Nada disso se destina a branquear toda a violência e feiúra da curta mas extremamente violenta história dos EUA. Mas violência e feiúra existem na história de provavelmente todos os países do planeta (houve certamente muita violência e feiúra na história da Rússia!). É verdade, os EUA foram provavelmente um dos regimes mais sangrentos e violentos da história, mas essa violência deve ser atribuída ao imperialismo e ao capitalismo e não a algo único nos EUA (o Império Britânico foi possivelmente o mais criminosamente violento da história). Ainda mais importante para a compreensão da história dos EUA é que a maior parte da sua violência teve as suas raízes não em causas nacionais ou raciais, mas nas muitas lutas sociais ou, melhor, lutas de classe que apimentaram a história dos EUA. Mais uma vez, as discussões sobre questões de classe têm sido amplamente apagadas de todos os livros escolares na Zona A, privando aqueles que tiveram o infortúnio de serem educados no Ocidente de um dos mais importantes instrumentos de análise política e económica.
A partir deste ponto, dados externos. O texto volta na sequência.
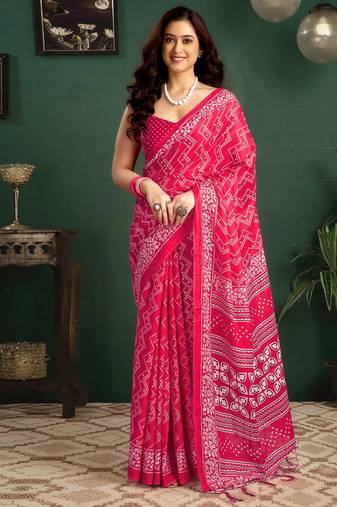 Pink printed cotton saree with blouse piece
A importância do acima referido não pode ser exagerada e é por isso que Martyanov volta reiteradamente ao tema da educação das classes dirigentes ocidentais. Nas últimas páginas de Disintegration, Martyanov escreve:
Portanto, nenhuma ideia ou solução viável para a actual catástrofe económica, social e cultural em desdobramento pode ter origem no seio destas elites, as quais só vêem o mundo através das lentes da Wall Street e do New York Times. O verdadeiro intelecto, coragem e integridade simplesmente não estão ali: todos eles foram trocados pelas regalias e sinecuras do que muitos descrevem correctamente como a gosma de Washington D.C., cujo único propósito da existência é a auto-perpetuação.
Acrescentaria apenas que existe uma ironia cármica [2] no facto de ser precisamente porque estas classes dominantes não têm outro propósito na vida que não seja a auto-perpetuação (e o consumo, acrescentaria eu) elas estão a conduzir a si próprias – e ao país que exploram – à extinção.
Conclusão: estes são livros que "devem ser lidos" por todos da Zona A! (e até pelos da Zona B!)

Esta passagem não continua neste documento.